Factoring in deferred principal, interest, taxes, and insurance payments also does little to move the needle. Only 7% of borrowers in forbearance would have less than 10% equity in their homes after accounting for those payments.

"A rising tide lifts all boats as they say, including homeowners in forbearance - whose ability to return to making payments when forbearance ends will likely be a key driver in the nation's overall COVID-19 economic recovery," Ben Graboske, data and analytics president at Black Knight, said in the report.

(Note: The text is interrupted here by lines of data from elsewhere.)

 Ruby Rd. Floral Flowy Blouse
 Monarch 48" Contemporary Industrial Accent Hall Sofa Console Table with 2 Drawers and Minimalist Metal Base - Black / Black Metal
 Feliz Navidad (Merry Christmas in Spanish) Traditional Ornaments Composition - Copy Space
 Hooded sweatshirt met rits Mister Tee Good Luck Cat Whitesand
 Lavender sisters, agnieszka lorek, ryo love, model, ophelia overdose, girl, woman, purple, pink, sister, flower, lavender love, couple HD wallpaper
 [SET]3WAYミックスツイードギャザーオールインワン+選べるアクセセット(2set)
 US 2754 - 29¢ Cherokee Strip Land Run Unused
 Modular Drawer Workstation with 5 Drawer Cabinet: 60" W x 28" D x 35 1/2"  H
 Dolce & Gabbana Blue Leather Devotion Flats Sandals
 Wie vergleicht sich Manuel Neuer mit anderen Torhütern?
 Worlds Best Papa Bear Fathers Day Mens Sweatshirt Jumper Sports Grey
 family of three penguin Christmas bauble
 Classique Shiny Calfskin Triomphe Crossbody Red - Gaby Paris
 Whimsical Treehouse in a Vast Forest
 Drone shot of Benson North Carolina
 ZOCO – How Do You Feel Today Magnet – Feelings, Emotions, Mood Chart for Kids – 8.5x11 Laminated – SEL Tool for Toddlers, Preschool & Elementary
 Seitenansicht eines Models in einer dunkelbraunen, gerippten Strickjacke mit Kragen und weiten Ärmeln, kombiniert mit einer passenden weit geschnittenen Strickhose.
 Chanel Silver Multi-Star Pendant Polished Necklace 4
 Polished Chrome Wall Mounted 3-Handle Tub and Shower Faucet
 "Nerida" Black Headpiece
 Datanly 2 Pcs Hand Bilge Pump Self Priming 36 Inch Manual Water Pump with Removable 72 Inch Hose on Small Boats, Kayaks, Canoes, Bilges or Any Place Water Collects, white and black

The bolstered equity positions could already be staving off economic pain. The federal government's mortgage moratorium expired at the end of July, placing roughly 1.8 million people on pandemic forbearance plans back on the hook for payments. Yet delinquencies rose only slightly through early August, according to Black Knight, suggesting stronger equity holdings aided homeowners in forbearance.

The market isn't out of the woods just yet. There's still a "large number of remaining pandemic-related serious delinquencies," Black Knight said in a separate report. As home loans start to exit forbearance plans, foreclosure starts will offer the first signs of whether the US will avoid another housing slump or dive into a new mortgage crisis, the company added.

Just how many delinquencies emerge could mean the difference between a stabilizing market and the potential bursting of another bubble.